He gets through the rest of the day in a sort of daze. His first instinct had been to rush down to the 11th floor immediately to confront Hyukjae about it, but the dorm had been empty save for Sungmin working on his laptop in the dining room. It had been so tempting to ask Sungmin if he knew anything – after all, if there was anyone in the group who would know what Hyukjae was up to in his spare hours, it would be Sungmin – but he couldn't pluck up the courage to do it. It would have been a show of too much neediness, probably even obsessiveness, if he had asked – he couldn't do it. So he'd gone away without saying an extra word.

Both Jungsu and Hyukjae are out all day.
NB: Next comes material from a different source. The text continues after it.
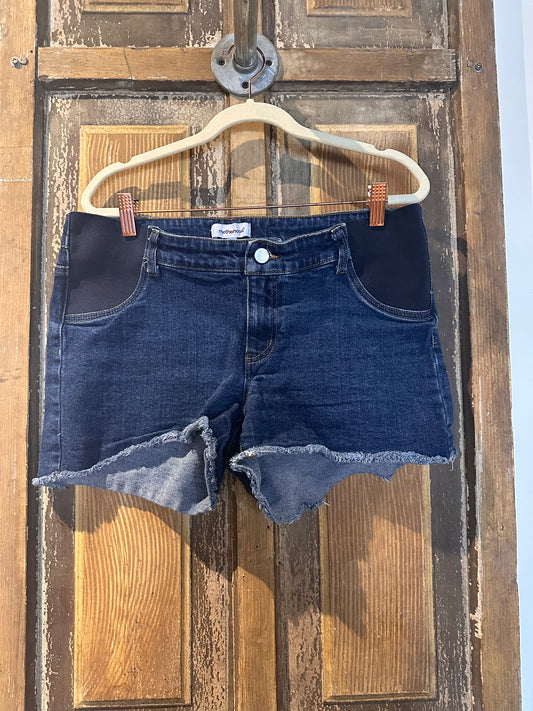 Motherhood Dark Blue Maternity Jeans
When Donghae asks when they'll be back, Seunghwan says that they're rushing up on filming two episodes of Star King instead of one because of Kang Hodong's overseas schedule, so there won't be any hope of catching them before midnight. "Anyway, why do you want to see him so badly?" Seunghwan asks curiously. "Didn't you two get back really late last night?"
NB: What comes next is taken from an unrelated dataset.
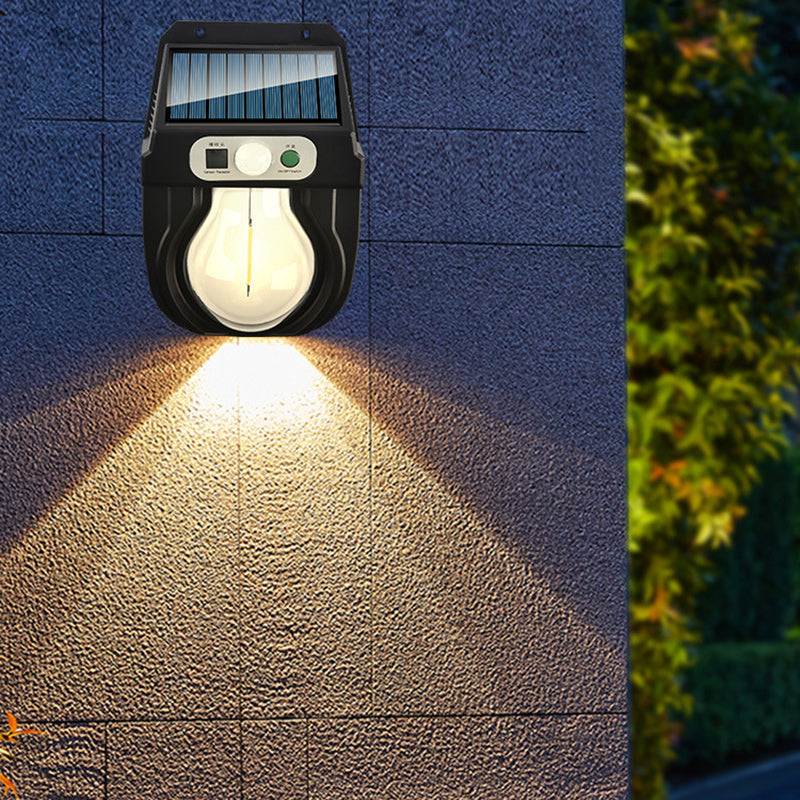 Plastic Elliptical Patio Outdoor Light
"I want to discuss something about the choreography," Donghae says flatly.

"You can text him if anything, you know," Seunghwan points out, and Donghae nods for the sake of agreeing; there's no way he can explain to Seunghwan just why it's impossible to text Hyukjae about this situation. What would he even write? Why did you have lube in your backpack? or perhaps, Who are you fucking?, or even, How could you have been such an asshole to me?

He wants to hurl all kinds of words at Hyukjae; the dirtiest words he can think of, the filthy ones dripping with anger, nothing sweet or tender, just strong and pungent words that can give voice to the amount of anger and hurt he feels. Korean isn't enough. He needs the obscenities and ferocities of more languages; the guttural tones of Japanese, the unapologetic expressiveness of the Chinese dialects, the harshness of English. He needs words that scald and skin and cut. He wants to go into Hyukjae's room and dig out any evidence of somebody else and rip it apart into shreds.

But because he's an idol, a role model or, as the company always says, a professional, he goes to the dance studio with Ryeowook, Jongwoon and Heechul instead and runs through choreography practice with them like dancing still matters something.

As the day wears away so does his anger, giving up pieces of itself to resignation, bit by bit until he finds himself sobbing in his bed at the end of that horrible day, remembering that they have already broken up, that they no longer bear any responsibility to each other. He remembers that Hyukjae hasn't bound them by any expressions of love since they first broke up; remembers that Hyukjae had tried to stop him last night. That he'd been the one, that he is always the one, blinded by his hope and foolish confidence that so much love has to be reciprocated, that he should remain by Hyukjae's side regardless of whether he's wanted there or not.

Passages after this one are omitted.